The PM's insistence on only meeting one-on-one with foreign leaders of similar rank has played well with domestic supporters, but alienated many in the international community who say such aloof protocol is counterproductive for one of Asia’s poorest nations.

BIG BROTHERS

Some foreign partners with little geostrategic interest in Nepal say the prime minister’s base may admire him for not kowtowing like his predecessors, but they worry it is not going down well in Washington, New Delhi and Beijing. “There is no changing the fact that we are a small state that needs foreign investment and support,” says Vijay Kant Karna of the Center for Social Innovation and Foreign Policy (CESIF). “So, when the PM backs out of meeting foreign envoys, it is Nepal’s loss, not the US, China, or India’s.”

Although they did not voice it publicly, some EU diplomats saw a contradiction between the prime minister’s assertion that he was working for the welfare of the “common people”, and his actions including mass evictions of urban poor and the Rs100 tax threshold at the Indian border.

In the run-up to the March polls, the RSP campaigned on implementing ‘development diplomacy’ to steer the country toward economic partnerships with India, China, and other countries through no-strings-attached aid and more foreign investment. 

But it will be difficult to achieve this and the ambitious targets of 7% annual growth and a $100 billion economy, without continued diplomatic engagement especially as Nepal wants to defer LDC graduation by three years. 

Most diplomats Nepali Times spoke to wanted to give the RSP government a chance to prove itself with transformative change through new policies and a budget to back it.
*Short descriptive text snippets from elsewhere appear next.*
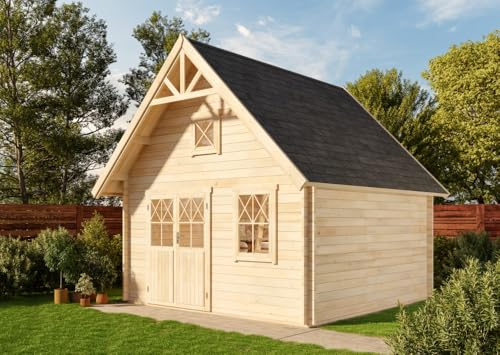 Alpholz Schwedenhaus aus Holz Naturbelassen 462 x 472cm, 44mm Wandstärke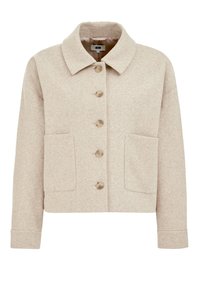 Beige cropped jakke lavet af blødt stof med krave, udstyret med seks brune knapper og to forlommer. Glat tekstur og løs pasform.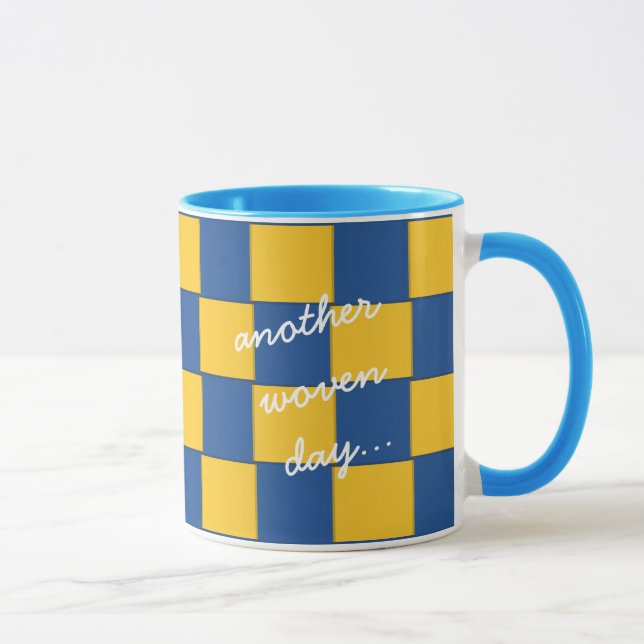 Tasse Un autre jour tissé bleu et jaune (Droite)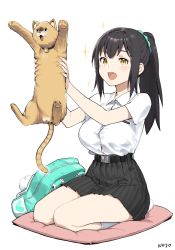 Rule 34 | 1girl, 9nojo, :d, animal, artist name, backpack, bag, black hair, black skirt, breasts, cat, collared shirt, commentary, cushion, dress shirt, green bag, hair ornament, hair scrunchie, high ponytail, highres, holding, holding animal, kneehighs, long hair, looking at viewer, medium breasts, no shoes, open mouth, original, pleated skirt, ponytail, scrunchie, seiza, shirt, shirt tucked in, short sleeves, sitting, skirt, smile, socks, solo, sparkle, teeth, upper teeth only, white background, white shirt, white socks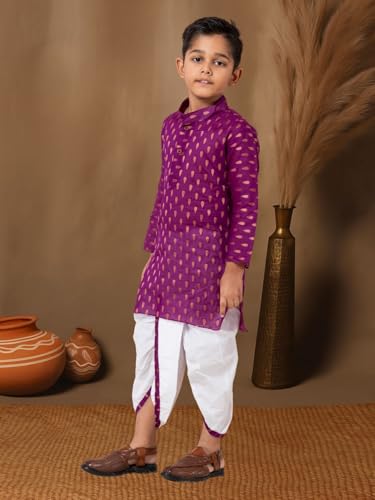 Image of Boys Dhoti Kurta Set for Kids - Cotton Kurta and Elastic Waist Dhoti - Traditional Dress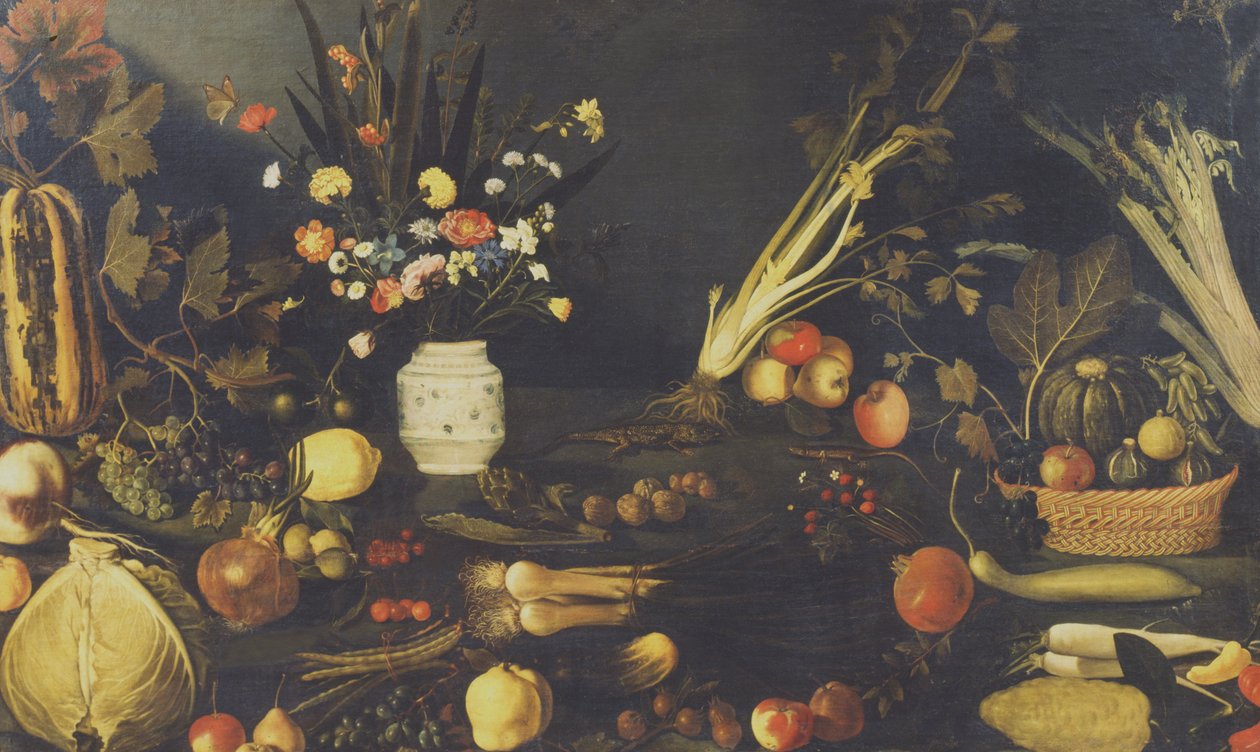 Csendélet virágokból, gyümölcsökből és zöldségekből, 1594 körül alkotó: Michelangelo Merisi Caravaggio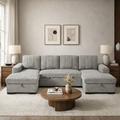 Como U Shape Sofabed With Ottoman Storage Grey Morgan | Malvern | Somerford | Calix | Euphoria | Plush Style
But they say the signs so far are not good: for example, the arrest of corporate heads while at the same time trying to attract investment.

“I could see that the prime minister and his cabinet are very adamant in reaching their goals,” said Dutch ambassador Marisa Gerards. “We are all waiting for the budget because that will give us a lot more information on actually how he will reach these goals.”